Directions: The data below is to be repeated in full, exactly as shown.

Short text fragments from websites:
========================
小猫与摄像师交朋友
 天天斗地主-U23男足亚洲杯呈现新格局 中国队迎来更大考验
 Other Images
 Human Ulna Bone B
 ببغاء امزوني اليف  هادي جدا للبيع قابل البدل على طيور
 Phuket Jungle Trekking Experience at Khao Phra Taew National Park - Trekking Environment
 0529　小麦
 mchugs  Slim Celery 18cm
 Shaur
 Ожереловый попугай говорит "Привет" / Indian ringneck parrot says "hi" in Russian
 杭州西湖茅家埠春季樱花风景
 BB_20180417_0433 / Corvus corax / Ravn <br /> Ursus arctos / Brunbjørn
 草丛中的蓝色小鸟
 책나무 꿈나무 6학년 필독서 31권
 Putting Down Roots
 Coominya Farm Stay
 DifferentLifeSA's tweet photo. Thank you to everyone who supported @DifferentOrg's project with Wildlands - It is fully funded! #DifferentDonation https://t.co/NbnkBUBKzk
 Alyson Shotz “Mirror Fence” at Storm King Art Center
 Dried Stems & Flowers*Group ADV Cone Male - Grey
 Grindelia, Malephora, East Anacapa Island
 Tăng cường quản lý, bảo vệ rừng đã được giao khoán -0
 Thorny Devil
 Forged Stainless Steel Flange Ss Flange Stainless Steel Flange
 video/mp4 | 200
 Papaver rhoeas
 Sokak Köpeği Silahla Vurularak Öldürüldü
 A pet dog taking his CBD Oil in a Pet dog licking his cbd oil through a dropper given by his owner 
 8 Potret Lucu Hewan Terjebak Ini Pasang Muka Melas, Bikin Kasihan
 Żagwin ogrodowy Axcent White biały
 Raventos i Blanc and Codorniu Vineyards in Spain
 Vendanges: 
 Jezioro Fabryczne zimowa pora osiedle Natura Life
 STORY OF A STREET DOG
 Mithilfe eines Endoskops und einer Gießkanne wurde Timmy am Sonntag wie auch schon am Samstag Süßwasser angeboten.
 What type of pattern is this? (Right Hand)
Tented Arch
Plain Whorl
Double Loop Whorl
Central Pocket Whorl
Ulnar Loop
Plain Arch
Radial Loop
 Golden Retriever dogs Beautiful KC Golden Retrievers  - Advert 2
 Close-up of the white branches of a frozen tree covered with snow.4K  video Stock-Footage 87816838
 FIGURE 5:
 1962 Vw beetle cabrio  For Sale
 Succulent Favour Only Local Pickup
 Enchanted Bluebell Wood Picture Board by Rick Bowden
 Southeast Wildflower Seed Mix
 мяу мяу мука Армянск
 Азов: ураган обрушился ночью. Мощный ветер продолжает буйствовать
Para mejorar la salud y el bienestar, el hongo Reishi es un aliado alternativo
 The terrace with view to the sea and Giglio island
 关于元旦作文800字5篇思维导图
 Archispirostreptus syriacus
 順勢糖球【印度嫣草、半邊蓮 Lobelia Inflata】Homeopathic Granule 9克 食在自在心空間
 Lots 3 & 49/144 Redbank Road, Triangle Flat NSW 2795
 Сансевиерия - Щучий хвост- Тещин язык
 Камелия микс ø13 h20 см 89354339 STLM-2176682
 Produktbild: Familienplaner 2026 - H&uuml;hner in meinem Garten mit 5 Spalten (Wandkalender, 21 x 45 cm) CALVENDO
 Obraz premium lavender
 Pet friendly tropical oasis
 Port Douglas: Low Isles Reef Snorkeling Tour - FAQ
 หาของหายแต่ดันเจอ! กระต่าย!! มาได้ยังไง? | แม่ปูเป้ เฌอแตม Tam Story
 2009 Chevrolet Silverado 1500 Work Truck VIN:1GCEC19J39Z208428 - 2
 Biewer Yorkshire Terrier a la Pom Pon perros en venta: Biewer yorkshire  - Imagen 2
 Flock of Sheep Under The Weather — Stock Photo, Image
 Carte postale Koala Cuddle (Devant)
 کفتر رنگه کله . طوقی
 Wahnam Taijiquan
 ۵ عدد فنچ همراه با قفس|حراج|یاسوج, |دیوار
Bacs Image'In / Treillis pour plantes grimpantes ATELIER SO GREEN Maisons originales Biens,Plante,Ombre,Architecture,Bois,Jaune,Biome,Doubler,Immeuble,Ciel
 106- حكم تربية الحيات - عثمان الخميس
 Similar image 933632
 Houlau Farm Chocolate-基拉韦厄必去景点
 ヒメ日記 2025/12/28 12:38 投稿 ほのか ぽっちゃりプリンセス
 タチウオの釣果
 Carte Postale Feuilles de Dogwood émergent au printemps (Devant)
========================
Answer space:
小猫与摄像师交朋友
 天天斗地主-U23男足亚洲杯呈现新格局 中国队迎来更大考验
 Other Images
 Human Ulna Bone B
 ببغاء امزوني اليف  هادي جدا للبيع قابل البدل على طيور
 Phuket Jungle Trekking Experience at Khao Phra Taew National Park - Trekking Environment
 0529　小麦
 mchugs  Slim Celery 18cm
 Shaur
 Ожереловый попугай говорит "Привет" / Indian ringneck parrot says "hi" in Russian
 杭州西湖茅家埠春季樱花风景
 BB_20180417_0433 / Corvus corax / Ravn <br /> Ursus arctos / Brunbjørn
 草丛中的蓝色小鸟
 책나무 꿈나무 6학년 필독서 31권
 Putting Down Roots
 Coominya Farm Stay
 DifferentLifeSA's tweet photo. Thank you to everyone who supported @DifferentOrg's project with Wildlands - It is fully funded! #DifferentDonation https://t.co/NbnkBUBKzk
 Alyson Shotz “Mirror Fence” at Storm King Art Center
 Dried Stems & Flowers*Group ADV Cone Male - Grey
 Grindelia, Malephora, East Anacapa Island
 Tăng cường quản lý, bảo vệ rừng đã được giao khoán -0
 Thorny Devil
 Forged Stainless Steel Flange Ss Flange Stainless Steel Flange
 video/mp4 | 200
 Papaver rhoeas
 Sokak Köpeği Silahla Vurularak Öldürüldü
 A pet dog taking his CBD Oil in a Pet dog licking his cbd oil through a dropper given by his owner 
 8 Potret Lucu Hewan Terjebak Ini Pasang Muka Melas, Bikin Kasihan
 Żagwin ogrodowy Axcent White biały
 Raventos i Blanc and Codorniu Vineyards in Spain
 Vendanges: 
 Jezioro Fabryczne zimowa pora osiedle Natura Life
 STORY OF A STREET DOG
 Mithilfe eines Endoskops und einer Gießkanne wurde Timmy am Sonntag wie auch schon am Samstag Süßwasser angeboten.
 What type of pattern is this? (Right Hand)
Tented Arch
Plain Whorl
Double Loop Whorl
Central Pocket Whorl
Ulnar Loop
Plain Arch
Radial Loop
 Golden Retriever dogs Beautiful KC Golden Retrievers  - Advert 2
 Close-up of the white branches of a frozen tree covered with snow.4K  video Stock-Footage 87816838
 FIGURE 5:
 1962 Vw beetle cabrio  For Sale
 Succulent Favour Only Local Pickup
 Enchanted Bluebell Wood Picture Board by Rick Bowden
 Southeast Wildflower Seed Mix
 мяу мяу мука Армянск
 Азов: ураган обрушился ночью. Мощный ветер продолжает буйствовать
Para mejorar la salud y el bienestar, el hongo Reishi es un aliado alternativo
 The terrace with view to the sea and Giglio island
 关于元旦作文800字5篇思维导图
 Archispirostreptus syriacus
 順勢糖球【印度嫣草、半邊蓮 Lobelia Inflata】Homeopathic Granule 9克 食在自在心空間
 Lots 3 & 49/144 Redbank Road, Triangle Flat NSW 2795
 Сансевиерия - Щучий хвост- Тещин язык
 Камелия микс ø13 h20 см 89354339 STLM-2176682
 Produktbild: Familienplaner 2026 - H&uuml;hner in meinem Garten mit 5 Spalten (Wandkalender, 21 x 45 cm) CALVENDO
 Obraz premium lavender
 Pet friendly tropical oasis
 Port Douglas: Low Isles Reef Snorkeling Tour - FAQ
 หาของหายแต่ดันเจอ! กระต่าย!! มาได้ยังไง? | แม่ปูเป้ เฌอแตม Tam Story
 2009 Chevrolet Silverado 1500 Work Truck VIN:1GCEC19J39Z208428 - 2
 Biewer Yorkshire Terrier a la Pom Pon perros en venta: Biewer yorkshire  - Imagen 2
 Flock of Sheep Under The Weather — Stock Photo, Image
 Carte postale Koala Cuddle (Devant)
 کفتر رنگه کله . طوقی
 Wahnam Taijiquan
 ۵ عدد فنچ همراه با قفس|حراج|یاسوج, |دیوار
Bacs Image'In / Treillis pour plantes grimpantes ATELIER SO GREEN Maisons originales Biens,Plante,Ombre,Architecture,Bois,Jaune,Biome,Doubler,Immeuble,Ciel
 106- حكم تربية الحيات - عثمان الخميس
 Similar image 933632
 Houlau Farm Chocolate-基拉韦厄必去景点
 ヒメ日記 2025/12/28 12:38 投稿 ほのか ぽっちゃりプリンセス
 タチウオの釣果
 Carte Postale Feuilles de Dogwood émergent au printemps (Devant)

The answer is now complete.